Another relevant modification proposed is the simplification of the procedure for approval of amendments. The legislative text introduces a distinction between Union amendments and standard amendments. While the former will require an opposition procedure at the Union level, the latter will be dealt with at Member State level.

Finally, the new regulation enhances protection by extending its scope to all GI products, including goods in transit and sold online. Specifically, it refers to protection against abuse of reputation. Regrettably, the protection in relation to domain names, one of the main requests of AREPO-oriGIn common strategy, has not been retained.

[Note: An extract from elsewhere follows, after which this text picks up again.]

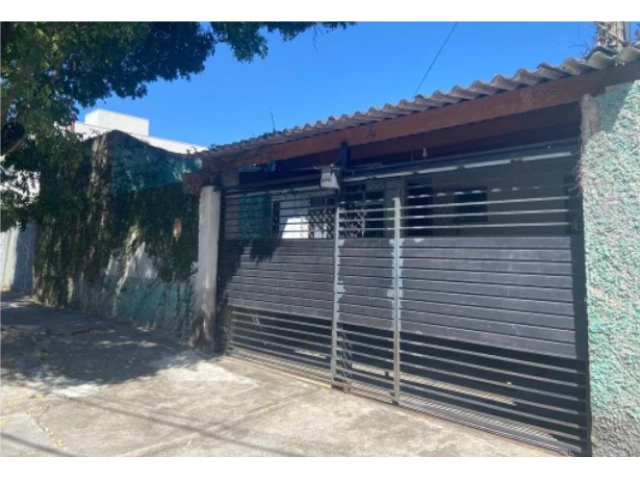 Casa - Terreno c/ 388,50m² - Taubaté/SP
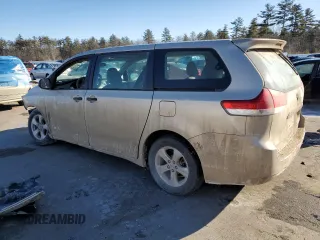 2014 Toyota Sienna L with VIN 5TDZK3DC7ES524046, listed as a Copart auction lot 44012975 with 0 mi miles and Salvage Title. Bid and sale history available at carsss.com. Image 2.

This will remain a pivotal topic to enforce the online protection of GIs.

As far as the Strategic Plans Regulation is concerned, Member States will be able to choose to support quality schemes under the type of intervention “cooperation”. In particular, the approved text includes the possibility to implement measures to both promote and establish quality systems. With regards to the possibility to cover as well the certification costs, this proposal hasn’t been maintained in the text agreed during the interinstitutional negotiations.

The regulations on the new EU Farm Policy were approved by AGRI Committee by 38 votes to 8 and 2 abstentions (Strategic plans), 40 votes to 5 and 3 abstentions (Common market organisation in agricultural products) and 39 votes to 7 and 2 abstentions (Financing, management and monitoring of CAP).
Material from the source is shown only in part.